Review by Frank Plowright
A second Guild graphic novel spotlights the assorted cast members other than Cyd Sherman, whose introduction to the world of online gaming occupied volume one. That was a continuous story, but this is five individual tales, with web show creator Felicia Day writing them in collaboration with the actors who play Bladezz, Clara, Tink, Vork and Zaboo. All of them to a greater or lesser extent use an idealised version of themselves as their online gaming character, and in most cases their heroic stature is in inverse proportion to their real life personalties. Vork, for instance, commanding to the point of arrogance online, yet his daily routine controlled by his manipulative, ailing and disabled grandfather. His is a good story to open with, as the overly officious attitude and demands for adherence to rules are characteristics Day exploits for running jokes through the other chapters.
Day obviously has a good handle on her characters, but the problem is that none of the cast really transcend being one note, so the story has to work around their limitations by packing the jokes in densely. On this count by far the best content is Day and Sandeep Parikh’s closing effort spotlighting Zaboo, which becomes a series of inventive puzzles within the story as Sujan attempts the mission of escaping from his overbearingly protective mother. Artist Becky Cloonan really buys into the idea, and presents some inventive pages.
Otherwise the better chapters are those where the content’s episodic rather than continuous. Tink has concocted a different set of background circumstances for each of her fellow guild members, tailored to their level of gullibility, and under the guise of unpacking the boxes in the bedroom Clara explores her past. To an extent, fantasy sequences notwithstanding, it’s all levels of domestic comedy.
Assorted artists work on the episodes, with Tink’s story requiring several, but all of them have a handle on the requirements, some going for a form of reality, others sticking with cartooning. The sample spread supplies contributions from Cloonan and Ron Chan.

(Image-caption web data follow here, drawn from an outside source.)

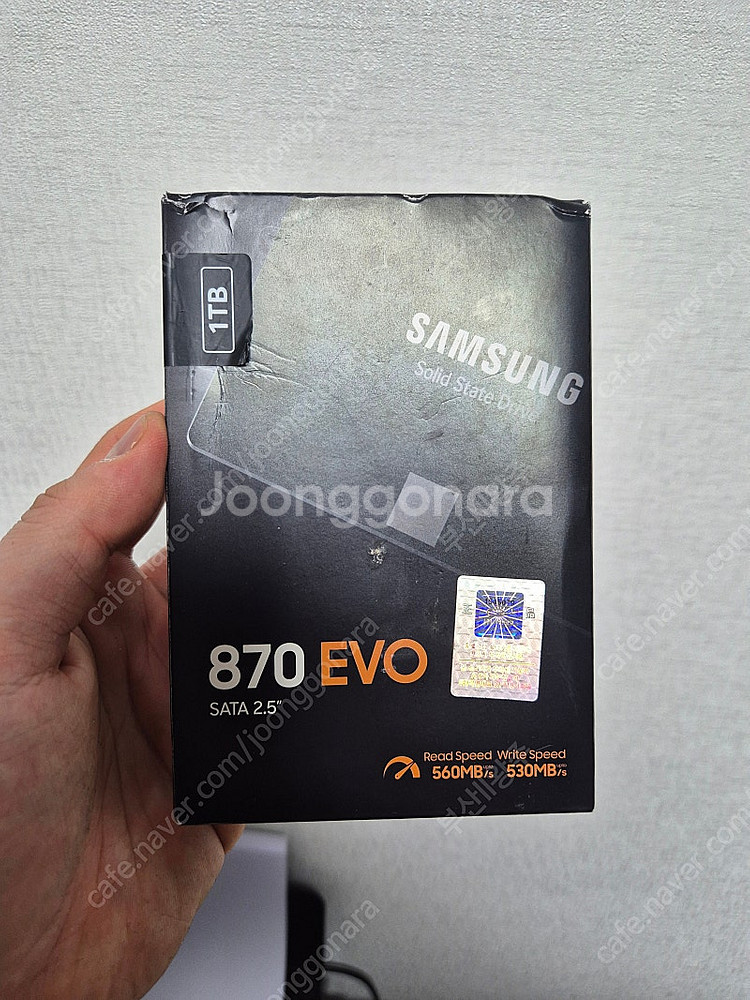 삼성 ssd 1tb 팝니다.--0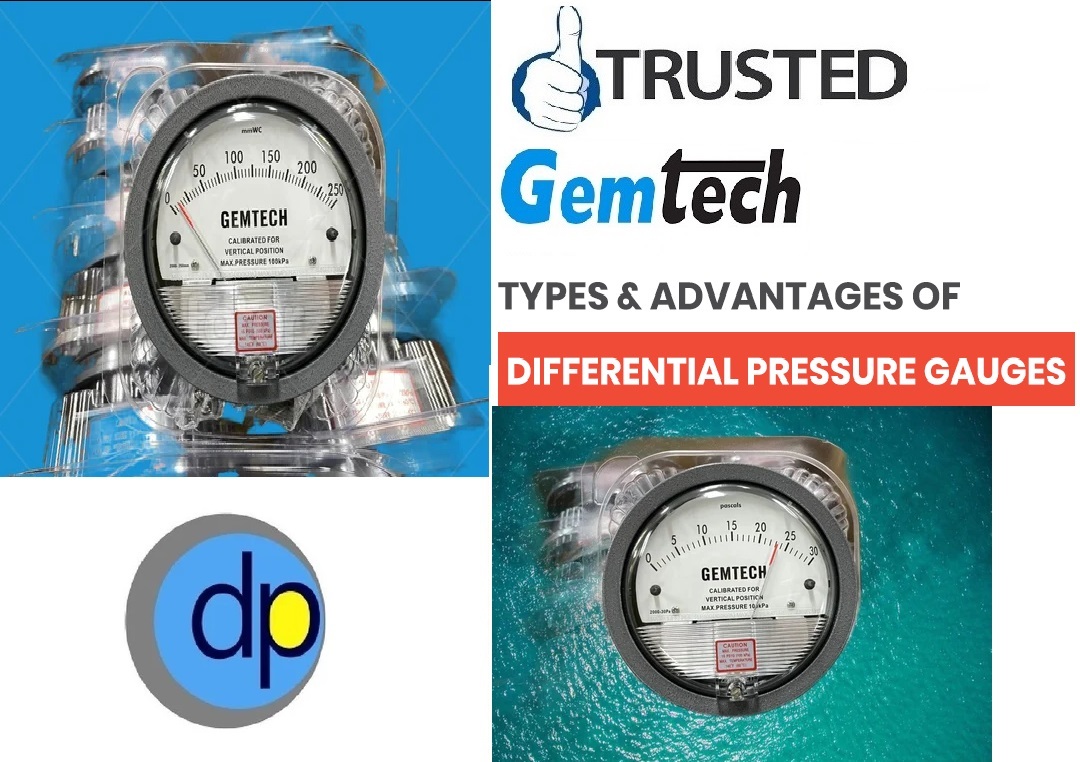 Series G2000 GEMTECH Differential Pressure Gauges from Ponda Goa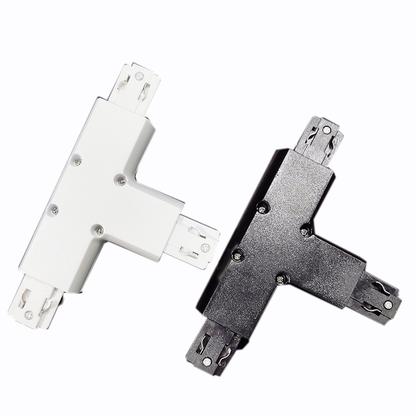 Hot Selling 4-Wire Surface Mount Track Rail 3-Phase T Connector LED Spot Light Track Rail System for Commercial Lighting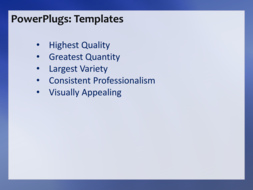 PowerPoint Template - Print Slide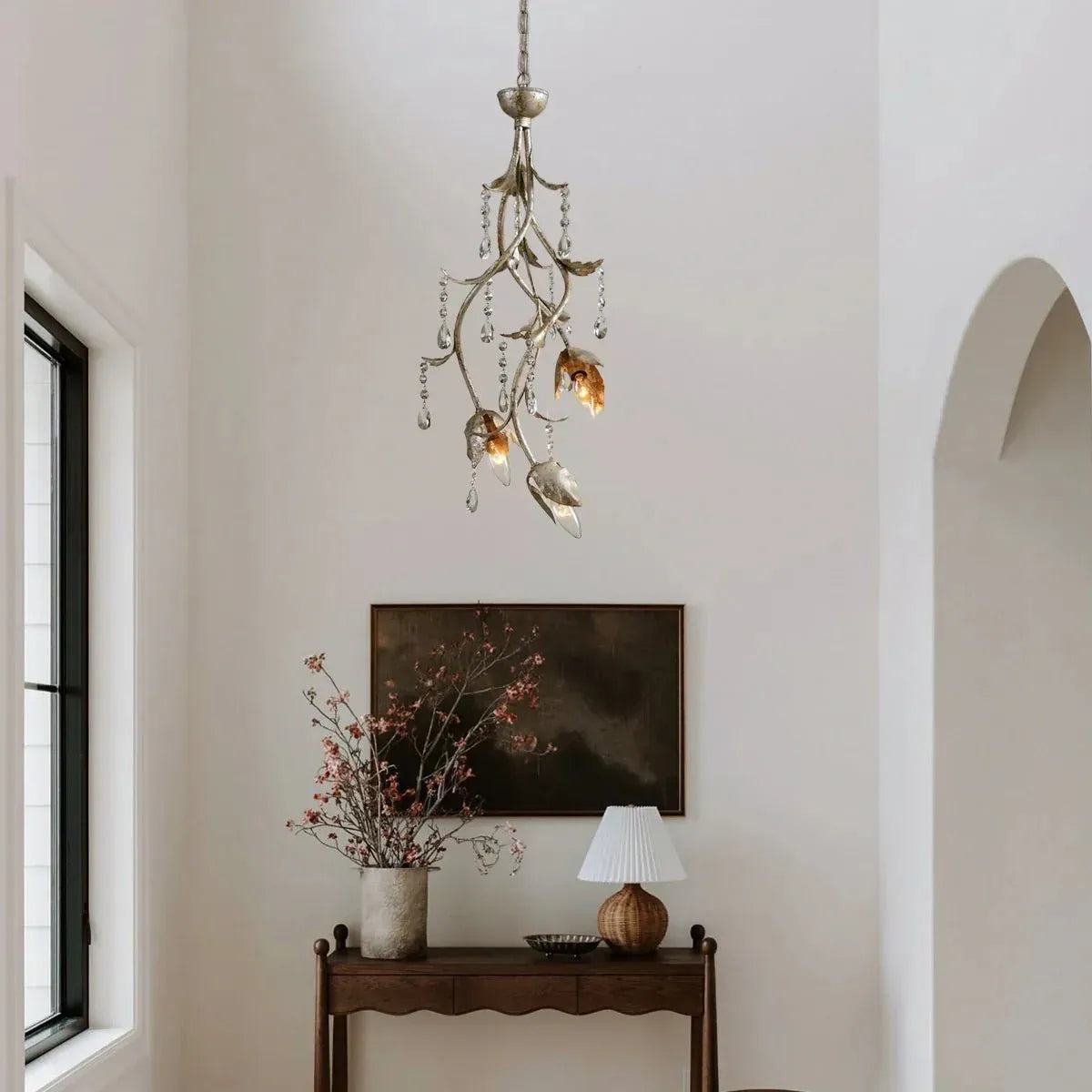 Viticcia 28" Pendant in clear - modern dining room lighting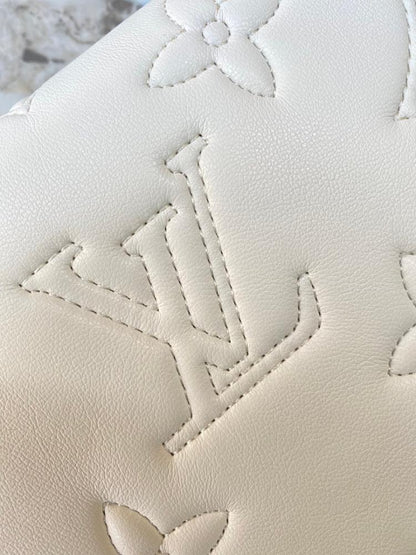 Italian-Inspired Stylish Quilted Nylon Shoulder Bag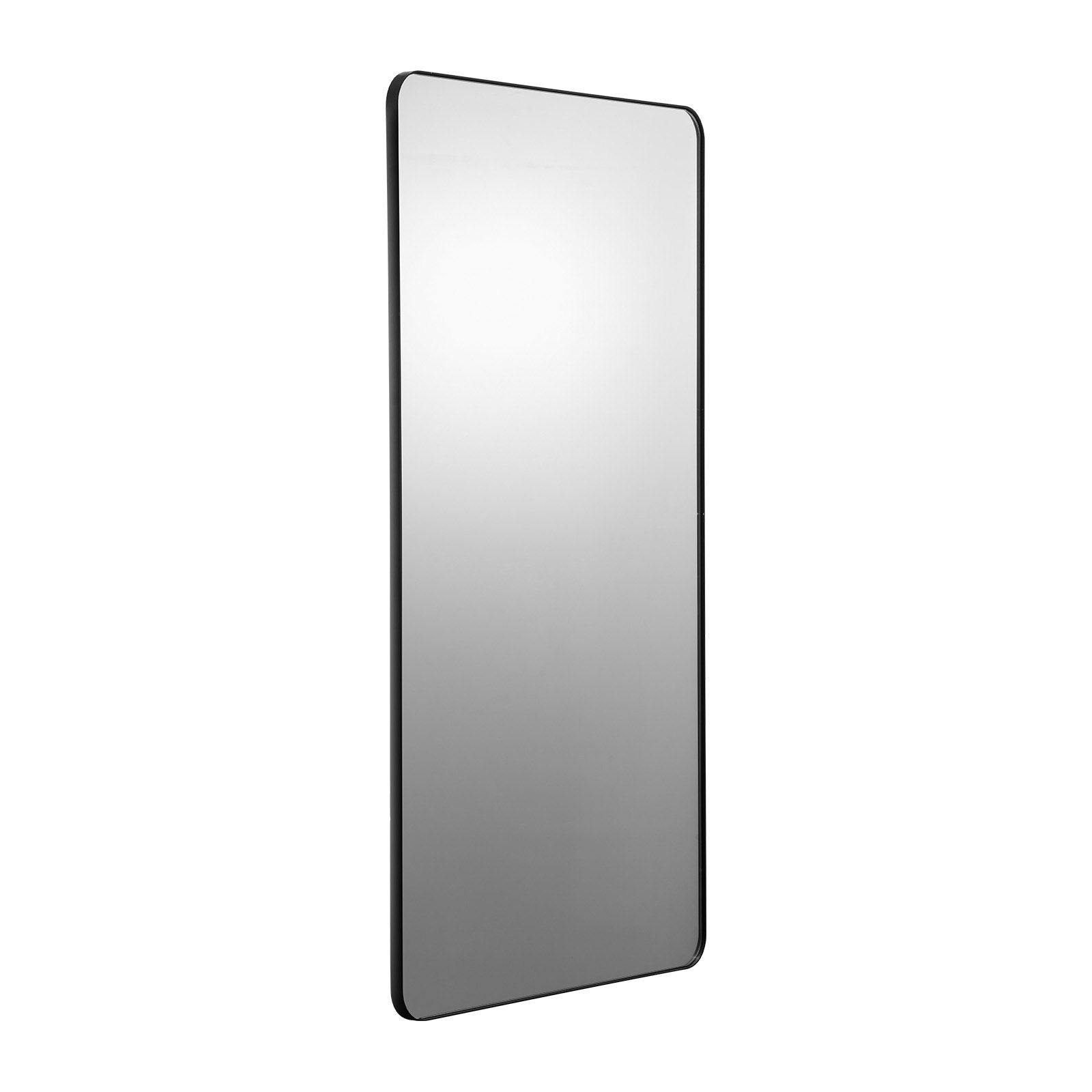 VEVOR Square Wall Mounted Mirror 28" x 60" Mirror with Aluminium Alloy Frame 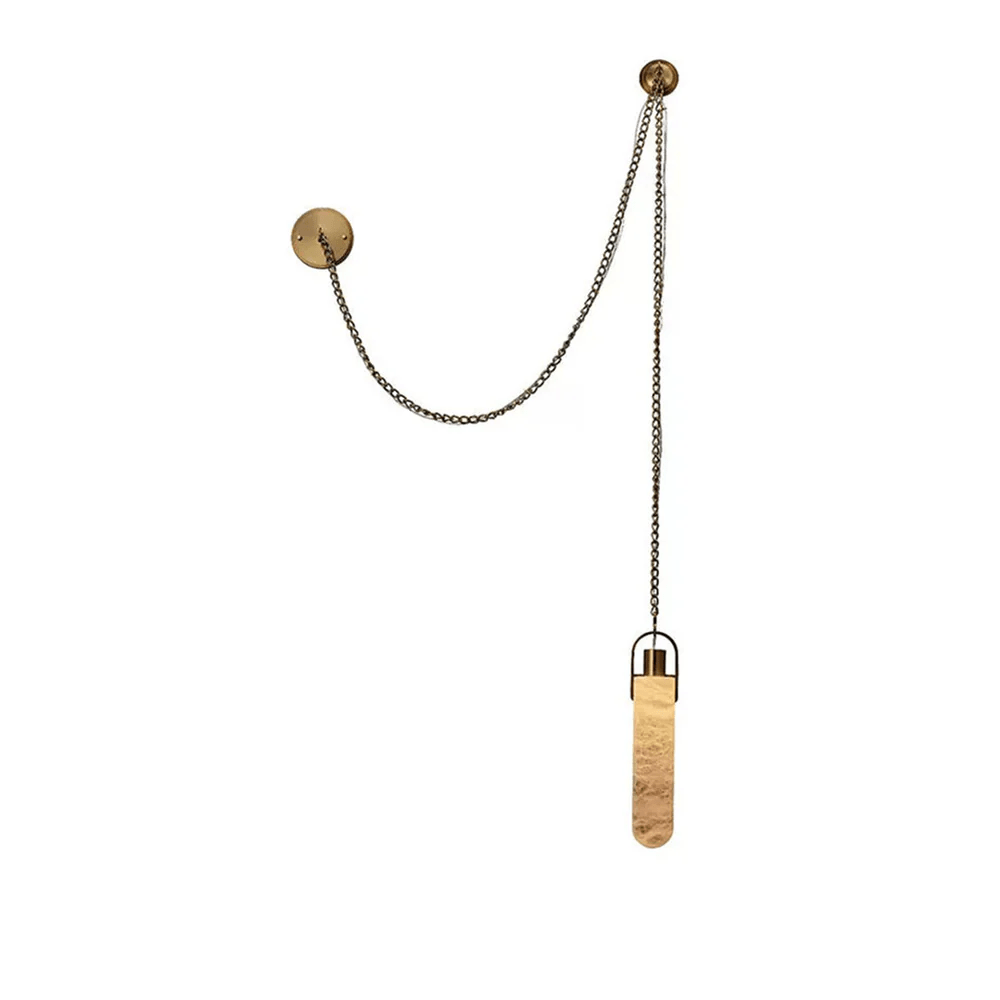Cylindrical Cluster Alabaster LED Chandelier – chandelier product view 7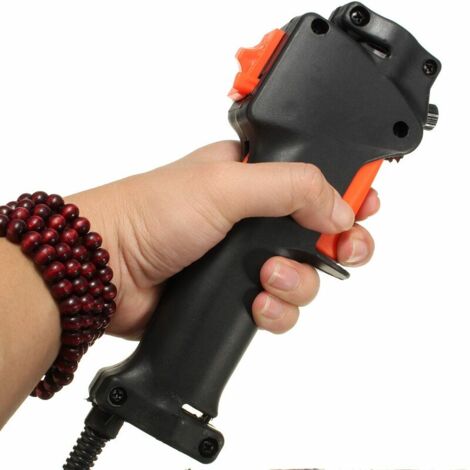 AOIUU Interrupteur de débroussailleuse, câble de commande d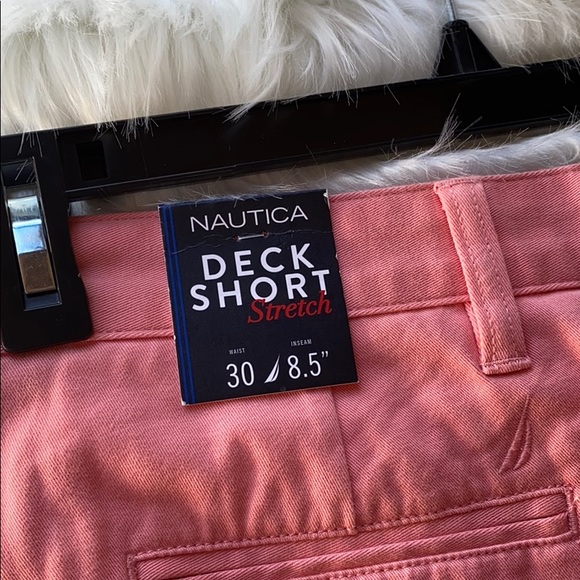 Nautica Men's Classic Fit Flat Front Stretch - Picture 4 of 5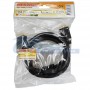 Шнур VGA plug x VGA plug 1,8м с ферритами REXANT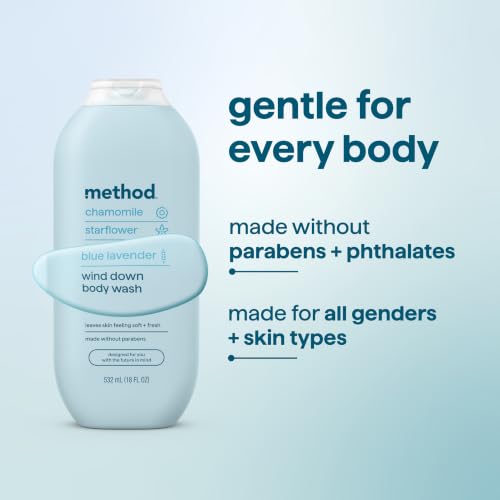 Image of method Body Wash, Wind Down, 18 fl oz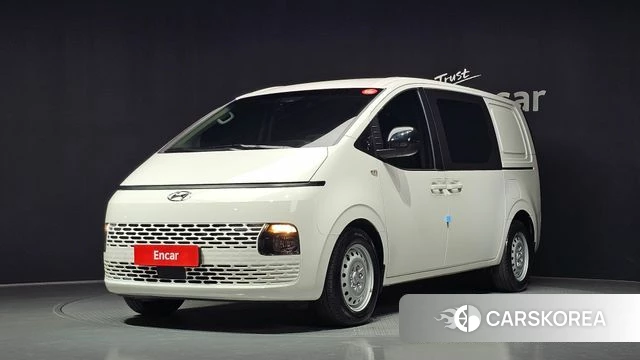 Hyundai Staria 2022 Белый из Кореи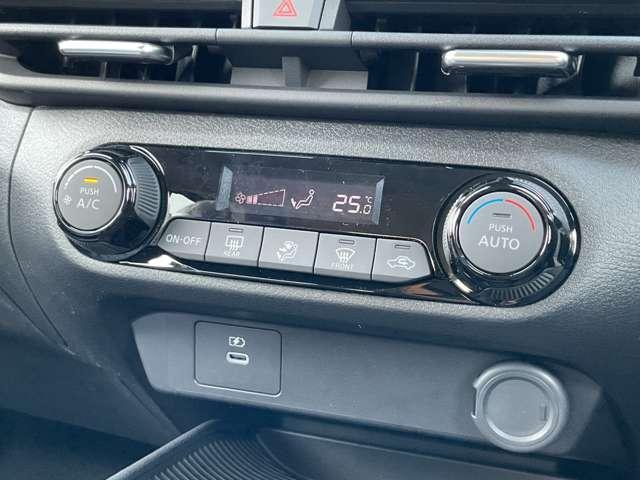 オーラ 1.2 G ※雹害未使用車 全方位カメラ LED ハイビームアシスト アルミ LDW LEDライト バックモニター エアバッグ サイドエアバッグ パワーステアリング キーレスエントリー フルオートエアコン ABS(12枚目)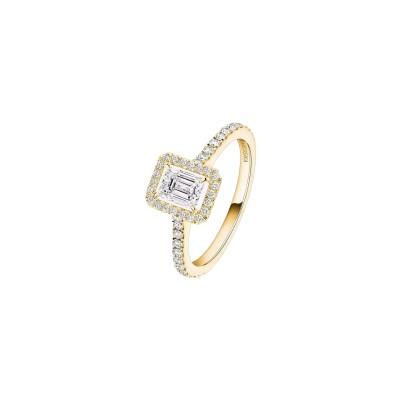Bague Messika Joy en or jaune et diamants 0.40ct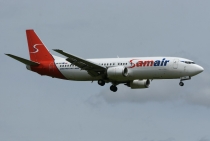 Samair, Boeing 737-476, OM-SAA, c/n 24439/2265, in ZRH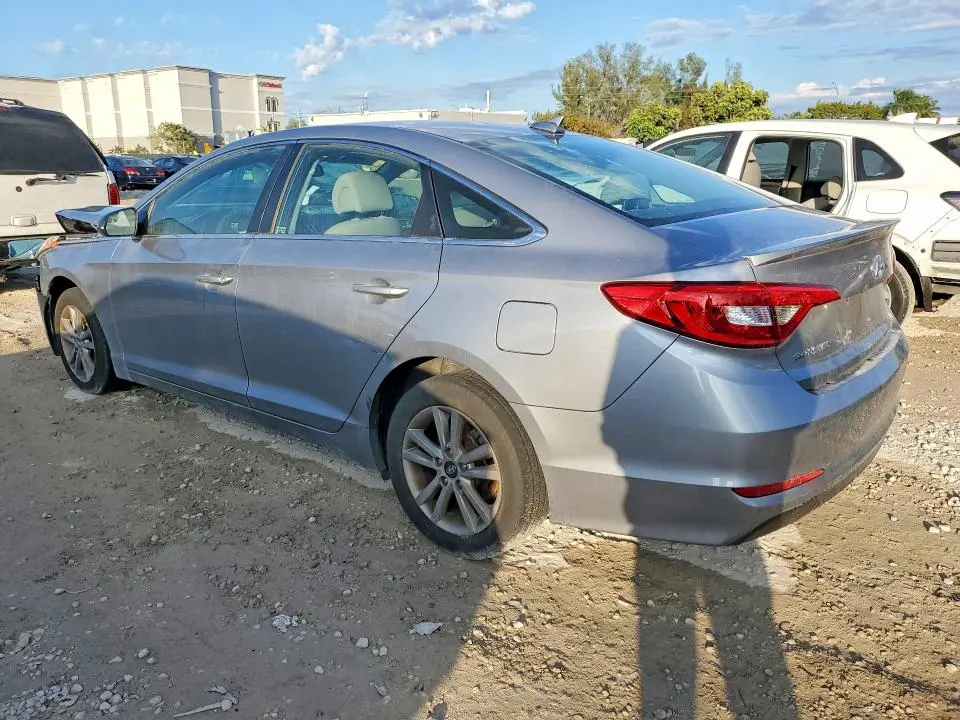 2016 HYUNDAI SONATA SE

As with volume one, the content will have a greater appeal to anyone who’s invested time with the cast already, as the format enables Day and her collaborators to delve deeper into their personalities and their pasts than is possible in the short video segments. The Guild Library Edition is a hardcover combining this content with volume one, and an extra story about Fawkes, leader of the Axis of Anarchy, which appears in neither.